The Money You’ve Already Earned and Aren’t Collecting
A donation lands after a good event. The gifts are counted, banked, and recorded. Everyone is pleased, and the team moves on to the next thing that is on fire. A year later, most of those donors have gone quiet, and nobody noticed them leave. That money didn’t fail to arrive. It arrived once, and then leaked away in the silence that followed; and it never showed up anywhere as a loss, because money you never collected doesn’t appear in any report.
That is the kind of income this article is about: money already earned that simply never reaches you. Three places it slips out of a small charity – unclaimed Gift Aid, the donor who was never asked again, the one-off gift that should have become a regular one – and how a senior team can find each one this quarter without buying a single new system. It is written for the people close enough to see it: the CEO, the finance lead, the person who runs fundraising. Not for the board, who usually only see the result months later in the management accounts.
If plugging these leaks is part of a wider income review you have been meaning to do, you can book a free clarity call, and we will help you work out where to start.
Why does charity income leak without anyone noticing?
Because none of it shows up as a loss. A failed grant application is visible; you applied, you got turned down, you know the number. Leaked income is the opposite. There is no line in the accounts that reads “money we could have had and didn’t.” The donor who drifted away doesn’t send a letter explaining why. The Gift Aid you didn’t claim doesn’t appear as a debt. Each leak is small, each one is invisible on its own, and together they never trip an alarm.
That is also why this sits with senior management rather than the board, and why it is rarely solved by software. The board sees totals after the fact. A new fundraising platform might tidy up your donation page, but it won’t make the ask you forgot to make or claim the Gift Aid you never registered for. In a sector where, according to NCVO’s UK Civil Society Almanac, most voluntary organisations run on under £100,000 a year, a few thousand pounds of leaked income is not a rounding error – it is a member of staff’s hours, or a programme that runs for another term. The fix is attention: someone whose job it is to look at the income you are already touching and notice where bits of it fall through. The three leaks below are the ones I see most often in small charities.
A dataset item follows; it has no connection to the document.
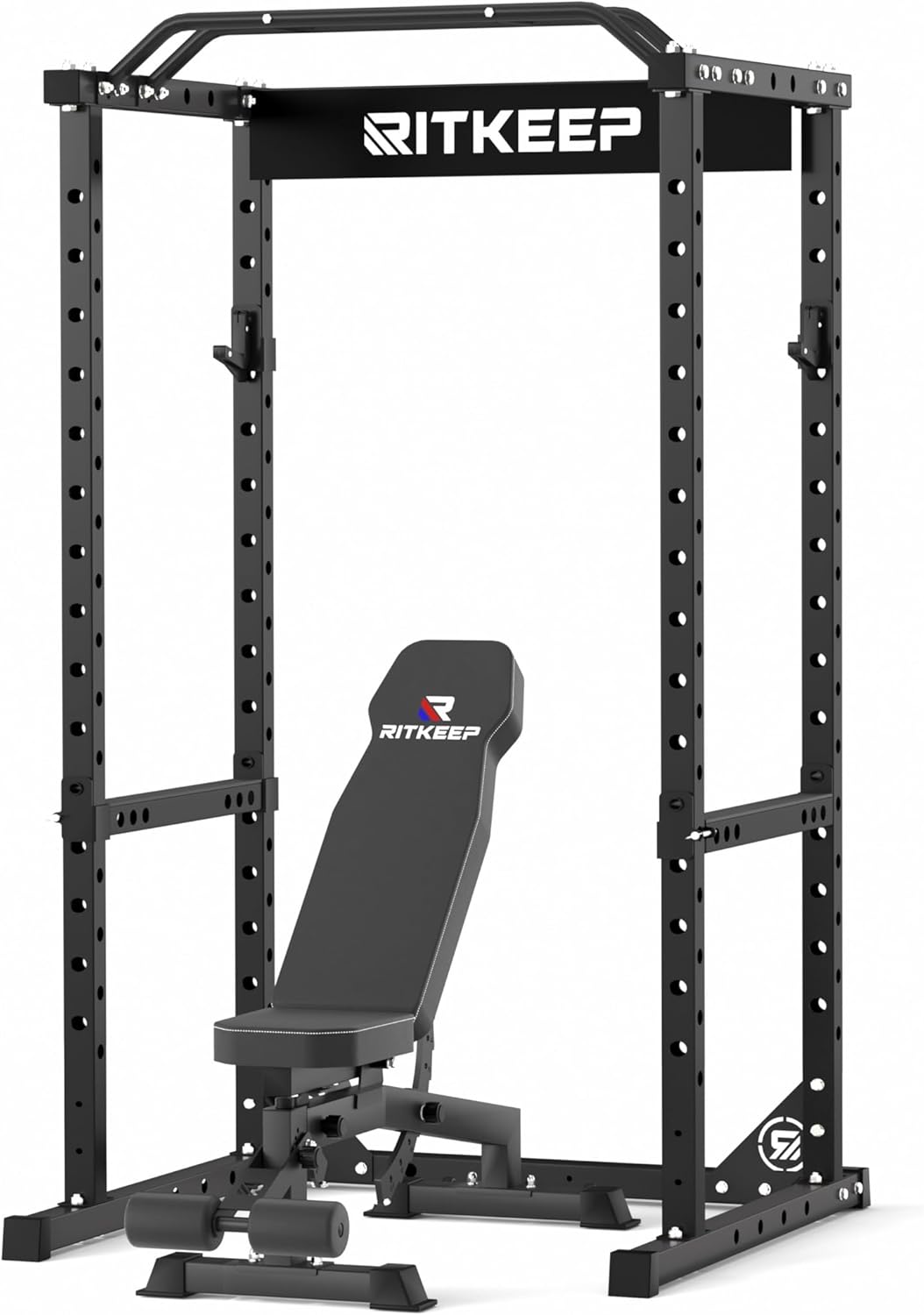 RMAX 2250 Power Rack, 2x2" Squat Rack with Attachments, 1200 lb Capacity Power Cage with 14 Adjustable Height Positions for Home Gym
Leak one: the Gift Aid and small donations you haven’t claimed
This is the most concrete of the three, which is why it goes first. It is money HM Revenue & Customs will actually pay you, on donations you have already received, if you claim it. Gift Aid adds 25p to every eligible £1 a UK taxpayer gives. The Gift Aid Small Donations Scheme goes further, letting eligible charities claim a top-up on small cash and contactless donations where collecting a declaration isn’t practical; the bucket at the event, the coins in the tin.
The leak is rarely a refusal to claim. It is the claim that quietly doesn’t happen. A charity isn’t registered for the small-donations top-up and never gets round to it. Declarations are collected loosely, so donations can’t be matched to a taxpayer, and the claim can’t be substantiated. Eligible gifts sit unclaimed past the deadline. None of it feels urgent because the money was never counted on, and that is exactly how it leaks.
The test
Pull your last full year of donations and ask one question: what proportion of eligible giving did you actually claim Gift Aid on? If you don’t know the answer, that is the finding. If the answer is “most of it,” check separately whether you are registered for the small-donations top-up; a surprising number of charities claim standard Gift Aid but have never set up the top-up scheme at all. Both are money already earned, sitting with HMRC, waiting on a form.
If you want the mechanics of the scheme – eligibility, limits, the community buildings rules – our explainer on the Gift Aid Small Donations Scheme covers it, and stronger recurring donations make Gift Aid easier to capture cleanly because the declaration is collected once and applies to every gift that follows. The authoritative source for current rules and thresholds is HMRC’s Gift Aid guidance.
A note on this section
Based on HMRC guidance on Gift Aid and the Gift Aid Small Donations Scheme, checked May 2026. Rules, thresholds and the matching requirements change – check the current HMRC guidance for your position before you claim. This is general information for UK charities, not advice on your charity’s specific situation. For your own circumstances, an hour with a charity-friendly accountant is rarely wasted on questions like this.
Leak two: the ask you never made
The second leak is the income that was one sentence away and never said. A supporter gives once and is never invited to give again. A regular donor would happily move from £5 a month to £8 if asked, and is never asked. A local business sends a cheque after an event and would put its name to something bigger, but the conversation never happens. None of this is a systems failure. It is a habit that was never built.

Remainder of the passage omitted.